II. Working principle of mechanical compensation
The mechanical compensation mechanism consists of upper and lower cushion plates and the worktable, all connected through disc springs and bolts. The upper and lower cushion plates are composed of multiple segments of wedges with different slopes. Without mechanical compensation, there is a noticeable difference in slope between the ends and the middle of the upper and lower cushion plates, as the middle part of the machine tool requires the largest amount of deformation compensation. With the addition of mechanical compensation, the slopes of the upper and lower cushion plates become the same. Before compensation, they are completely fitted together. When compensation is needed, the lower cushion plate moves to the left under the drive of the motor. The upper and lower cushion plates remain fitted together at the left end but separate at the right end. Due to the different slopes of each segment of the upper and lower cushion plates, the upper cushion plate undergoes upward convex elastic deformation under the action of the lower cushion plate. This type of mechanical compensation mechanism uses integral upper and lower cushion plates, but it can also use segmented wedge blocks with slopes. These blocks are driven left and right by a threaded screw, thereby compensating for the deformation of the machine tool slider and improving the bending precision of the workpiece. The electrical control principle of this segmented wedge block mechanical compensation mechanism is the same as that of the integral upper and lower cushion plate mechanical compensation mechanism. This type of segmented wedge block mechanical compensation mechanism is currently more common in high-tonnage bending machines. Through mechanical compensation, it counteracts the deformation of the machine tool slider, ensuring the accuracy of the machining joint surface and improving the precision of the workpiece.
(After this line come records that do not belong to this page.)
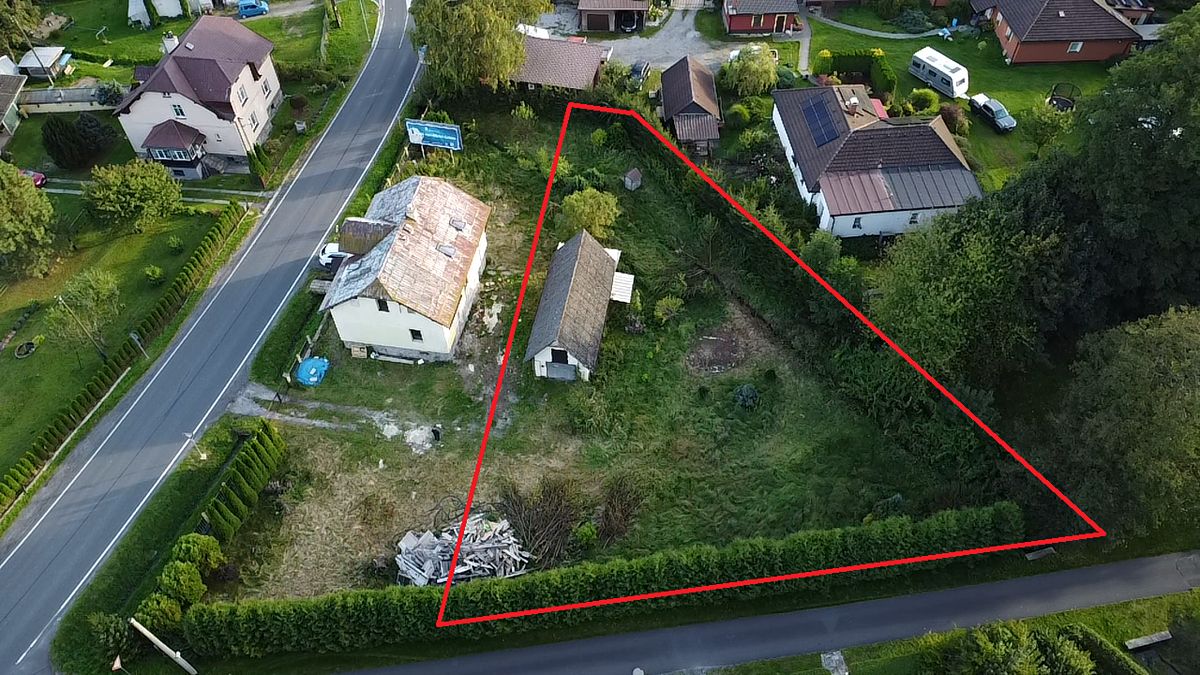 Prodej stavebního pozemku 1165 m² – fotografie 2
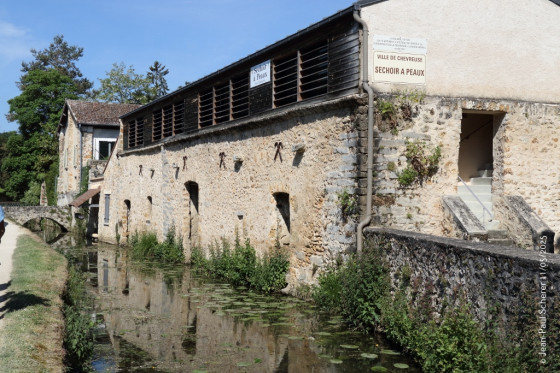 Le séchoir à Peaux Chevreuse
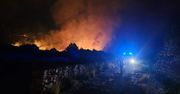 Pożary na chorwackim wybrzeżu: strażacy walczą z żywiołem, pogoda nadal grozi eskalacją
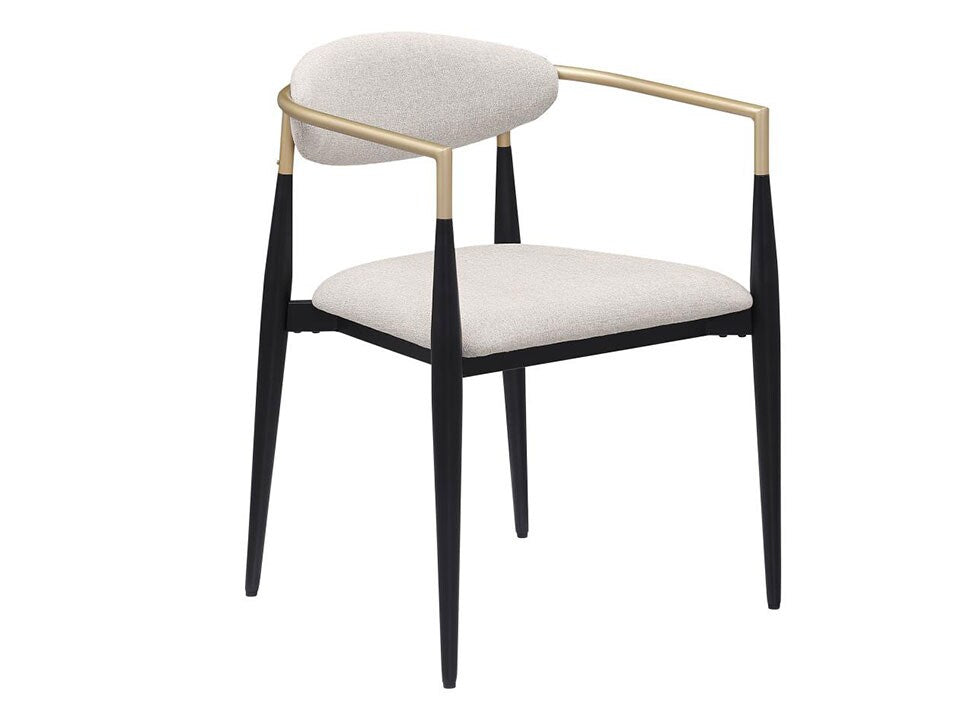 Tobias Beige Dining Chair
Comparison of the two compensation methods
1. Advantages of hydraulic compensation:
1. Over time, hydraulic compensation does not suffer from wear issues, whereas the screw and wedge blocks in mechanical compensation will experience wear over time.
2. Hydraulic compensation occupies less space, while mechanical compensation will occupy more free space in both height and width.
3. With hydraulic compensation, the sheet metal cannot shift during use because the lower worktable maintains a flat state and is in contact with the surface of the bent sheet metal. The contact point between the upper beam and the sheet metal is stable when clamping, whereas mechanical compensation only takes effect after bending and may produce unpredictable errors.
4. Hydraulic compensation can be adjusted even when the workpiece is not removed, which is not possible with mechanical compensation.
2. Advantages of mechanical compensation:
1. Mechanical compensation offers long-term stability, reducing the maintenance difficulty and frequency of hydraulic compensation (e.g., due to seal damage causing oil leakage) over the lifespan of the machine tool.
2. Because there are more compensation points, mechanical compensation can achieve precise deflection compensation along the entire length of the worktable, allowing the bending machine to achieve linear compensation during operation and improve the bending effect of the workpiece.
3. Mechanical compensation uses a linear scale to measure the position of the return signal, serving as a numerical control axis for digital control, making the compensation value more precise.